It’s Not Over
As many of you may have heard, the Appeals Committee of the Accountability and Justice Commission (AJC) has deferred looking into the cases of the barred candidates until after the election. This decision has no legal standing, even though it is being celebrated by some DC analysts and, of course, the would-be beneficiaries of the decision. In the interest of not having you all scratching your heads as this decision gets overturned by the Higher Federal Court and the parliament (gathering for an emergency session on Sunday) in the next few days, let me explain the legality of what is happening:
-Article 49/3 of the Constitution says that the requirements for candidacy to the parliament shall be legislated by a law, and that law was the Elections Law of November 2005 (amended in late 2009). Article 6/2 of the old and amended Election Law states that a candidate for parliament cannot run if he or she is barred according to the legal frameworks of De-Ba’athification.
-The AJC law does not cover, in any of the language, the procedures for vetting candidates for parliament. Article 6 is tailored to address the Ba’athist and security backgrounds of state employees, and nowhere does it address candidates for public office.
-The Appeals Committee is part of the AJC law, and it can only adjudicate on the cases of state employees barred according to Article 6. It gives 30 days for the employee to file a case against dismissal procedures or the such, and must respond in 60 days. This is where the decision to postpone barring the candidates until after elections comes from, but it has no legal standing: the Appeals Committee cannot look into the cases of candidates for parliament since that is not in the wording of the law, even though it may be in the spirit of the law.

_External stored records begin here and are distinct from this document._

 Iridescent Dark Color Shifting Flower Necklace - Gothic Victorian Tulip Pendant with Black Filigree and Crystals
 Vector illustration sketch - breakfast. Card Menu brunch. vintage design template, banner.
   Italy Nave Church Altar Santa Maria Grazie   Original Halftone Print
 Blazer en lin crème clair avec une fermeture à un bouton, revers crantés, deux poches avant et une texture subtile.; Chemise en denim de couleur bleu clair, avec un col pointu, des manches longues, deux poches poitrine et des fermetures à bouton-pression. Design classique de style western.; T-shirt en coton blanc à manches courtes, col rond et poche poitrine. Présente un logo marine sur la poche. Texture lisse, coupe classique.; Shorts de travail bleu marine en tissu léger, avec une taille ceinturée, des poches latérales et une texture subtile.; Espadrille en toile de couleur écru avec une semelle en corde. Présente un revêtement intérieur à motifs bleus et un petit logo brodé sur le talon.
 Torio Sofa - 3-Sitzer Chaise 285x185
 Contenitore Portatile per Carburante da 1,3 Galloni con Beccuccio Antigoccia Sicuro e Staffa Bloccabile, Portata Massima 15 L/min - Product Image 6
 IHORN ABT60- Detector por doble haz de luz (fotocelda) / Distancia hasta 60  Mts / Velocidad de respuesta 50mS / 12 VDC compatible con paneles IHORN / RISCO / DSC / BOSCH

-The Constitution trumps all other legal considerations, and it is very clear that it was meant to deny Ba’athists a return to public life. Since the AJC law does not give barred candidates any legal recourse, their only option is Article 165/6 of the Constitution that calls for forming a parliamentary committee to oversee and regulate the decisions of the De-Ba’athification Commission (and hence the AJC that replaced it on paper). This committee de-facto exists, and it is the De-Ba’athification Committee of the parliament that is headed by the hard line Sadrist, Falah Shanshal. By law, this is the only avenue available for appeals or to redress the decisions of the AJC as relates to candidates for parliament. The decisions of the committee can only be formalized by a simple majority vote in parliament.

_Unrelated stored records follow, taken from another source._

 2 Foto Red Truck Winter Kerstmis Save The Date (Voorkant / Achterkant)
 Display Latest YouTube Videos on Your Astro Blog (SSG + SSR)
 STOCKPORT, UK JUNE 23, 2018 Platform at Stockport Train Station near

-Saleh al-Mutlag is clearly in violation of Article 7/1 of the Constitution for glorifying, propagating and generally being an apologist for the Ba’ath Party (defined by the AJC law as the one that took power in 1968, but in the Constitution as the one that ruled during the “Saddamist” era beginning in 1979 to 2003). However, Article 7/1 stipulates that this ban should be legislated by a distinct law, and such a law was never written, discussed and/or passed by parliament. So technically, Mutlag has not violated a law, even though he has violated the spirit of the Constitution. Article 8 of the AJC law addresses those who propagate for the Ba’ath but punishes only those (state employees) who were beneficiaries of the AJC law, and this again does not include al-Mutlag. So, he’s in the clear. But the only body, by law, that can judge that he hasn’t violated any laws is the parliamentary committee that I mentioned above, not the Appeals Committee.
I’m in Baghdad, which is nice and empty since millions seem to have strolled down to Karbala for the 40th Day Commemoration of Ashura. No traffic jams, no undue waits at checkpoints. Will try to write more about what I’m hearing.